WORK TO BE COMPLETED:
What you return must be the full listing, word for word, with no images in it.

START GIVEN DATA

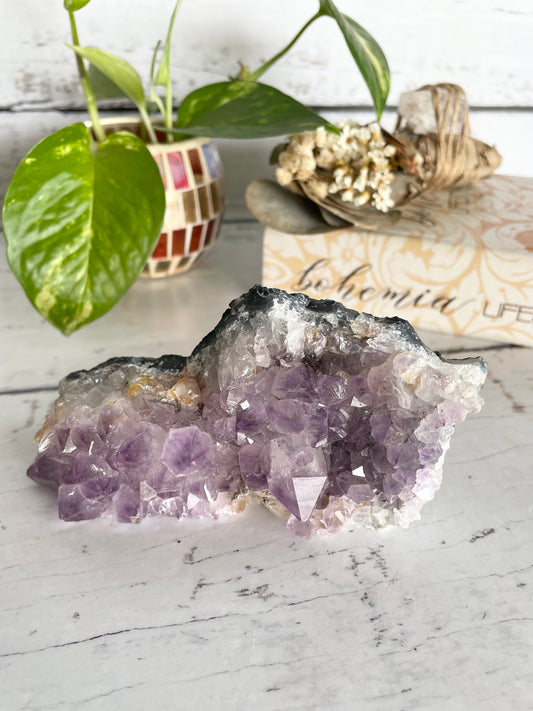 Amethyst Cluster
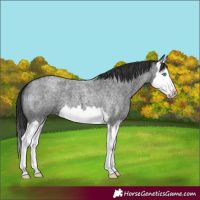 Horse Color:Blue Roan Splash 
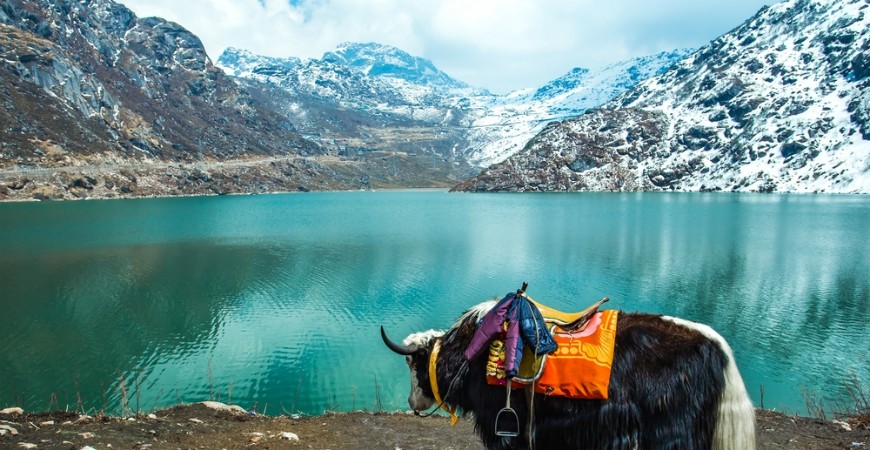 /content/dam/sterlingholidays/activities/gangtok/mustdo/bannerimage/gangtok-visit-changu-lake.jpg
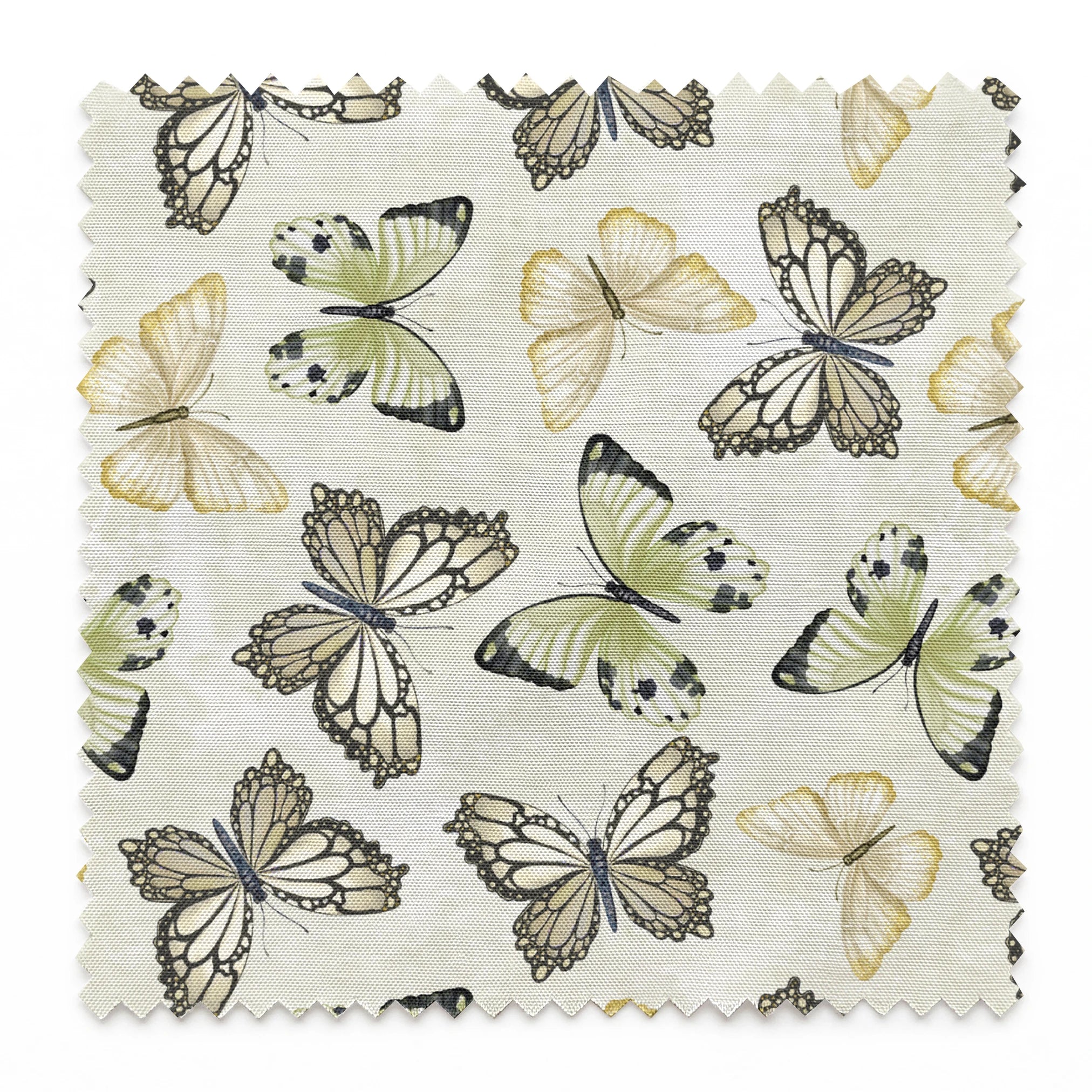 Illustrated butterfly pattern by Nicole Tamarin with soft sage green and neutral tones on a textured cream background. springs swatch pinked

END GIVEN DATA

SOLUTION:
 Amethyst Cluster
 Horse Color:Blue Roan Splash 
 /content/dam/sterlingholidays/activities/gangtok/mustdo/bannerimage/gangtok-visit-changu-lake.jpg
 Illustrated butterfly pattern by Nicole Tamarin with soft sage green and neutral tones on a textured cream background. springs swatch pinked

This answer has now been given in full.